**Raw data:**
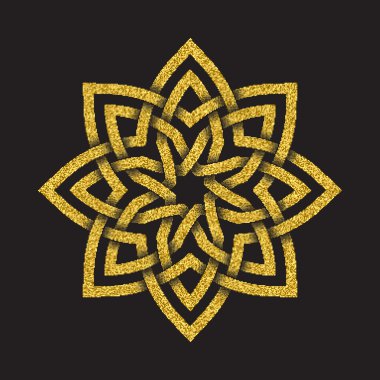 Sekizgen mandala formundaki altın ışıltılı sembolü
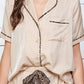 Taupe Leopard Print Piping Detailed Shirt and Shorts Pajama Set 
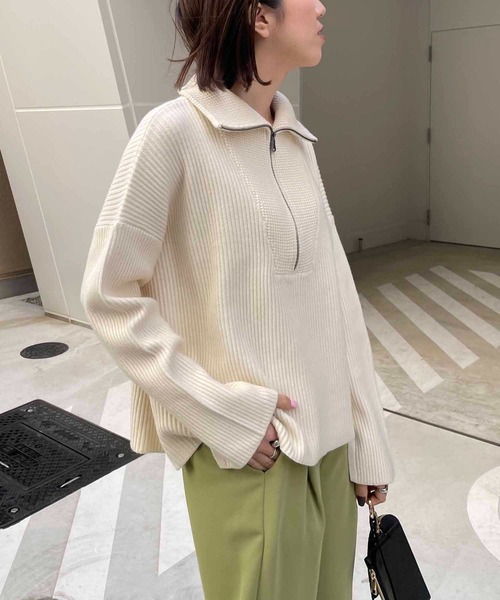 CAPRICIEUX LE'MAGE（カプリシューレマージュ）の「ハーフジッププルオーバー（ニット/セーター・レディース・ブラック/ベージュ/オフホワイト・FREE）」の18枚目の写真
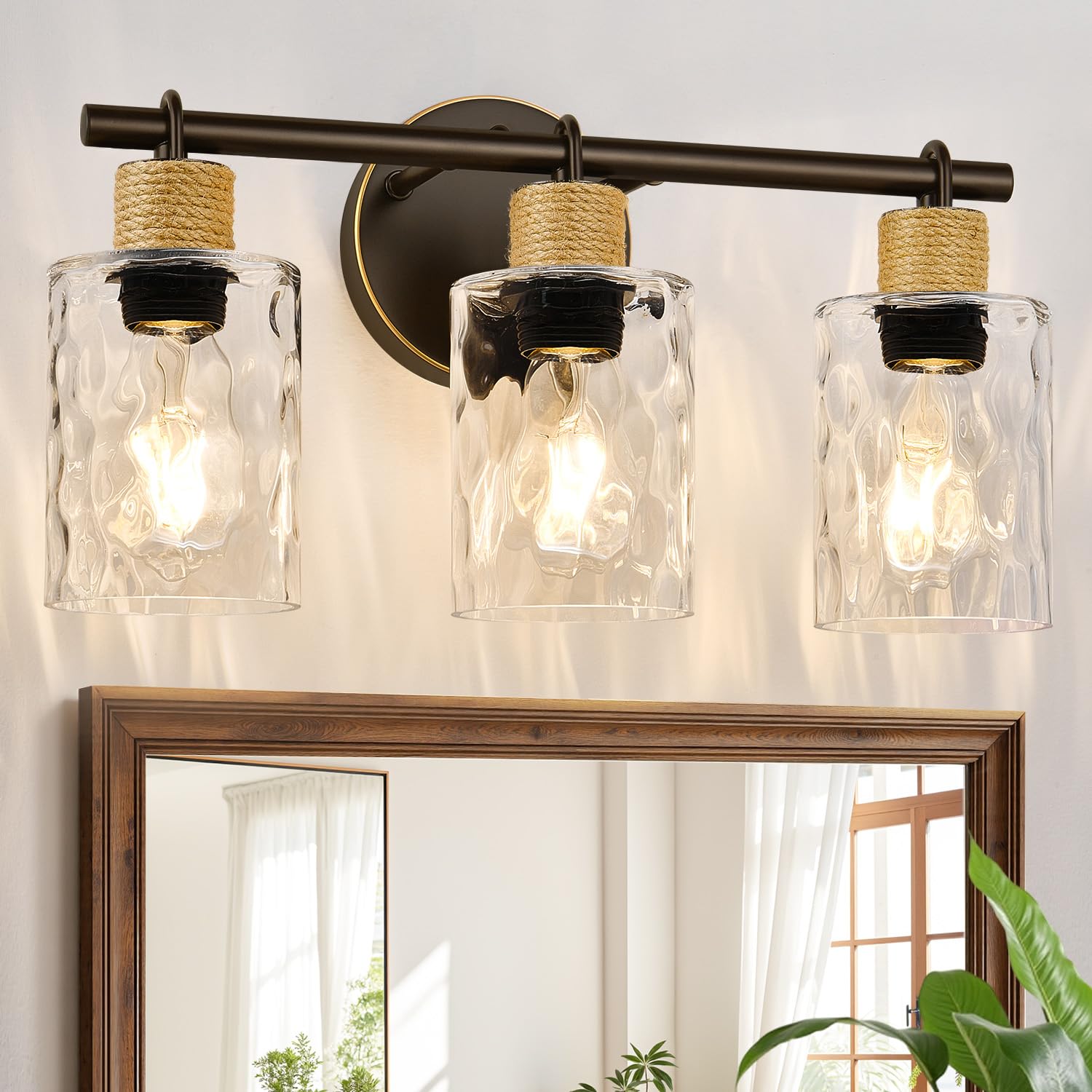 MOKATNG Bathroom Light Fixtures, 2-Light Coastal Vanity Lights with Crystal Glass Shade, Brown and Gold Bathroom Wall Lamp for Mirror Kitchen Hallway Cabinet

**Prompt:** Only the pictures should be left out; the rest of the material above must be repeated exactly.

**Output of the task:**
 Sekizgen mandala formundaki altın ışıltılı sembolü
 Taupe Leopard Print Piping Detailed Shirt and Shorts Pajama Set 
 CAPRICIEUX LE'MAGE（カプリシューレマージュ）の「ハーフジッププルオーバー（ニット/セーター・レディース・ブラック/ベージュ/オフホワイト・FREE）」の18枚目の写真
 MOKATNG Bathroom Light Fixtures, 2-Light Coastal Vanity Lights with Crystal Glass Shade, Brown and Gold Bathroom Wall Lamp for Mirror Kitchen Hallway Cabinet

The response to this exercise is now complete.